Short descriptive text snippets:
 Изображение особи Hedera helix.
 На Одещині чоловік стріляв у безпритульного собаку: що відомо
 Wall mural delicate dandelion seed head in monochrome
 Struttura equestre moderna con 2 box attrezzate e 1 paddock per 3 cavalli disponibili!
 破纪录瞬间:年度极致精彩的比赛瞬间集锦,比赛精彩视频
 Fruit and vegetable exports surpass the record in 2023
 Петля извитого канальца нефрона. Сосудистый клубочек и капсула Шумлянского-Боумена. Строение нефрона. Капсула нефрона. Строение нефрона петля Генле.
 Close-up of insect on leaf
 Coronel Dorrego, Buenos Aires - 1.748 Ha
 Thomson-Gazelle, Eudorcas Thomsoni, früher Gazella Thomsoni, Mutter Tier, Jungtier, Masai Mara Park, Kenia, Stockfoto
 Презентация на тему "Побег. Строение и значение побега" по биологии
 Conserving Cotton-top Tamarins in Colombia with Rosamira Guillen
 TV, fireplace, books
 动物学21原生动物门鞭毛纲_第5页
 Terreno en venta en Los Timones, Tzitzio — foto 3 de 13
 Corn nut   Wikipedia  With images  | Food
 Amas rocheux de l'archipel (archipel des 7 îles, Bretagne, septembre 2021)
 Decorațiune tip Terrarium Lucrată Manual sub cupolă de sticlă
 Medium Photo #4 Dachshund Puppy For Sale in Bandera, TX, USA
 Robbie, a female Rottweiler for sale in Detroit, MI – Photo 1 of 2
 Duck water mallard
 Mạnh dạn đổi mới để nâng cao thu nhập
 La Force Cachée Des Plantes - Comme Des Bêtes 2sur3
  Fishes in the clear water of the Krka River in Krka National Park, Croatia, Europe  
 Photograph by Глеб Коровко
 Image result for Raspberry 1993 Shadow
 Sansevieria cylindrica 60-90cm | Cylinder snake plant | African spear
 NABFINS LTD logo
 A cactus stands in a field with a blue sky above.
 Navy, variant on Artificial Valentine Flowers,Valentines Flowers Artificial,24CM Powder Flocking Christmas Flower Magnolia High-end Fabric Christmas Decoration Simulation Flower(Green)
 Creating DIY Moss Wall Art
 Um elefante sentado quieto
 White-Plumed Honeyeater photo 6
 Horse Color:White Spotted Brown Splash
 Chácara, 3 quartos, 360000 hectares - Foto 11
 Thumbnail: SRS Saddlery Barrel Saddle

● **WHAT YOU ARE ASKED TO DO**: I'd like an exact copy of the lines above, from the very first one through the line that contains "Fruit and vegetable", with nothing else added.

● **RESULT FOR THIS EXERCISE**:
 Изображение особи Hedera helix.
 На Одещині чоловік стріляв у безпритульного собаку: що відомо
 Wall mural delicate dandelion seed head in monochrome
 Struttura equestre moderna con 2 box attrezzate e 1 paddock per 3 cavalli disponibili!
 破纪录瞬间:年度极致精彩的比赛瞬间集锦,比赛精彩视频
 Fruit and vegetable exports surpass the record in 2023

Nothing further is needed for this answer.